Von der Kürsinger Hütte über die Venedigerscharte Schwierigkeit: WS-
Im langen Gebirgszug der Hohen Tauern und Zillertaler Alpen überragen und dominieren zwei Berge über alle anderen: der Großglockner und der Großvenediger. Dabei sind sie so verschieden, wie sie nur sein können: Hier der hochragende und bedrohliche Steilfels des Glockners, dort die einfache Pyramide des Venedigers, diese allerdings ins Riesenhafte gesteigert und von einem Eismantel übergossen. Der Venediger ist längst nicht so spektakulär wie der Glockner, die Form selbst ist schön, aber wenig aufregend. Was ist das Besondere am Venediger? Wer sich ihm nähert, erlebt zuerst die Strenge seiner auch heute noch gewaltigen Gletscherlandschaft. Weit oben enthüllt sich schließlich auch seine zweite Haupteigenschaft: die Größe des Venedigers, seine Entfaltung in der Breite. Wenn man in der Kürsinger Hütte startet und nach knapp vier Stunden Aufstieg die Venedigerscharte erreicht, wird man von der Mächtigkeit des Gletscherplateaus auf der anderen Seite überrascht und überwältigt: Noch in 3500 Metern Höhe – also hoch über den anderen Gipfeln der Venedigergruppe – ist es immer noch mehr als einen Kilometer breit. Was für ein Riese von einem Berg!
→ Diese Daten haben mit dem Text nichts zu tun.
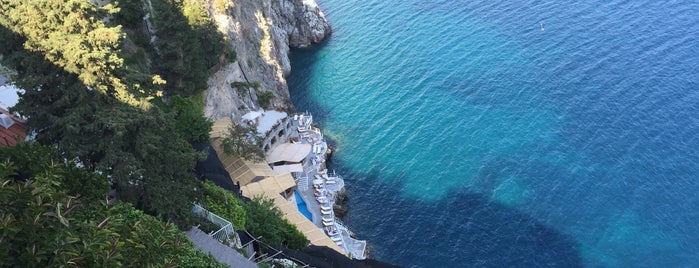 Amalfi is one of Tempat yang Disukai Mikhael.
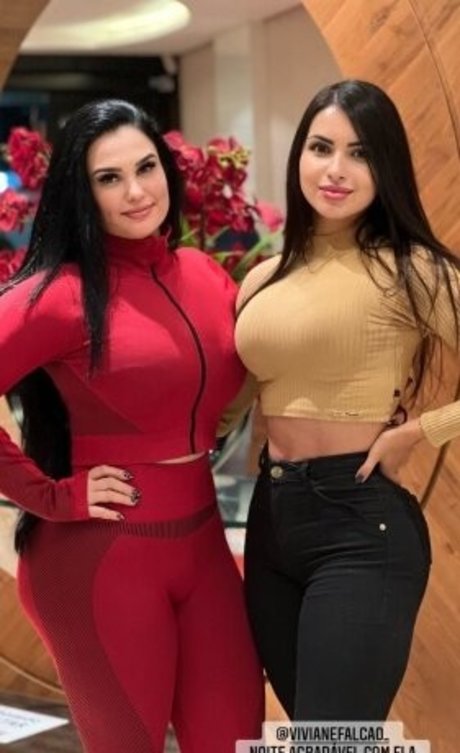 Thayna Rodrigues sexy porno bild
Die Normalroute des Großvenedigers von Norden ist eine reine Eistour. Kurz nach dem Aufbruch von der Kürsinger Hütte (2547 m) betritt man bereits das östliche Obersulzbachkees und verfolgt die allenfalls mäßig steilen Gletscherhänge (bis 30°) zur Venedigerscharte und weiter bis zum Gipfel. Erst bei der Rückkehr am Nachmittag wird man wieder festen Grund (Fels) unter die Füße bekommen. Der sehr spaltenreiche Gletscher verlangt auf jeden Fall das Anseilen in der Seilschaft, ein Alleingang kommt nicht infrage. Selbst eine Zweierseilschaft ist gefährdet und braucht angesichts der Mitreißgefahr bei einem Spalteneinbruch viel Können und Erfahrung. Bei vollständiger Firnbedeckung gibt es weder unter der Venedigerscharte noch am Gipfelfirngrat technische Schwierigkeiten. In manchen Sommern jedoch apert der Gletscher so stark aus, dass auf der Nordseite der Venedigerscharte eine große Spalte aufreißt, deren Kluft nur noch mit Leitern zu überwinden ist. Dies war meines Wissens nach zuletzt im August 2015 der Fall.
Die Besteigung des Venedigers verlangt aus mehreren Gründen hochalpine Erfahrung und Ausbildung: Nebel, schlechte Sicht und von Neuschnee zugedeckte Trassen können für ernste Orientierungsprobleme („white out“) sorgen. Die unter dem Eis verborgenen großen Spalten werden dann zur Gefahr. Auf die Situation eines Spaltensturzes muss man vorbereitet sein: Jede Seilschaft sollte das Material und das Know-how besitzen, eine Spaltenbergung selbständig zu bewältigen. Ich selbst schloss mich in Ermangelung geeigneter Seilpartner einer Führungsgruppe an. Bei unserer Besteigung am 13. Juli 2017 bildeten die selbständigen Seilschaften, so mein Eindruck, eindeutig eine Minderheit.